Reutte oder doch noch Jenbach? In der letzten Runde der UPC Tirol Liga entscheidet sich heute (18.30 Uhr) die letzte Abstiegs-Frage.

Reuttes Torhüter-Urgestein Ümit Müneyyirci (l.) will heute seinen Kasten sauber und gleichzeitig die Liga mit seinen Vorderleuten halten.
© www.muehlanger.at

Von Alex Gruber

Innsbruck –Das Podium mit Meister Reichenau, Vize Fügen und dem Dritten SVI steht nach 29 Spieltagen ebenso fest wie der Fixabsteiger aus Zirl. Offen bleibt heute nur, ob Reutte oder Jenbach den Weg in die Landesliga antreten muss:

Bei drei Punkten Rückstand und dem schlechteren Tor­verhältnis haben die Außerferner vor der letzten Partie in Hall die weit schlechteren Karten. „Es ist eine Mini-Chance, an die wir glauben und die wir nutzen wollen“, hält Reuttes sportlicher Leiter, Bernd Hechenberger, fest. Nachsatz: „Was bei der Reichenau-Partie passiert, können wir nicht steuern. Aber wir hoffen natürlich auf den Sportsgeist des Meisters.“ Die angesprochene Reichenau hat im letzten Spiel eben Jenbach zu Gast und muss dabei auf Goalie Mathias Hörtnagl (Urlaub), Alex Mader (heiratet heute standesamtlich) und Christian Bernardin (verletzt) verzichten. „Nichtsdesto trotz: Wir wollen keine schlechte Nachrede haben und uns mit einem Sieg verabschieden“, stellt Reiche­nau-Coach Flo Schwarz klar. „Wir sind in der Lage, einen Punkt zu holen oder sogar zu gewinnen. Ich möchte, dass wir es aus eigener Kraft schaffen“, betont Jenbach-Trainer Roland Oberprantacher. Die Herbstabschlusstabelle sah den Aufsteiger aus dem Unterland mit 29 Punkten auf Rang drei, nach der Ablöse von Roli Ortner musste Oberprantacher als Feuerwehrmann übernehmen.

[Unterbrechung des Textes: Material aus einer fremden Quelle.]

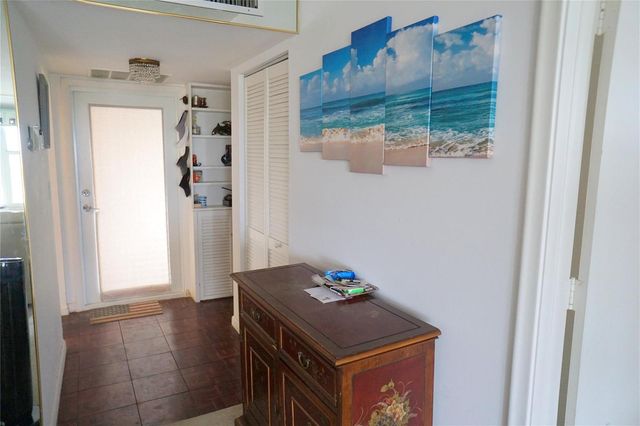 303 N Riverside Drive PH-4, Pompano Beach, FL 33062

Abseits der finalen Abstiegsfrage wird es heute auch launige Momente geben: In Hall sagt „Retter“ Reini Hofer Ade, bei Imst und Kirchbichl mit Thomas Schatz bzw. Roger Kühmaier zwei erfolgreiche Langzeit-Trainer. Nach mehreren Jahrzehnten ununterbrochen im Fußball legt auch Völs-Coach Harald Eder eine Pause ein: „Das muss mit 50 jetzt einfach sein.“ Zum Schluss wünscht sich der Harry heute noch „ein nettes Spiel gegen den Hans“. Gemeint ist SVI-Coach Glabonjat, der die Innsbrucker in einer sensationellen Saison auf Rang drei und ins Cupfinale führte.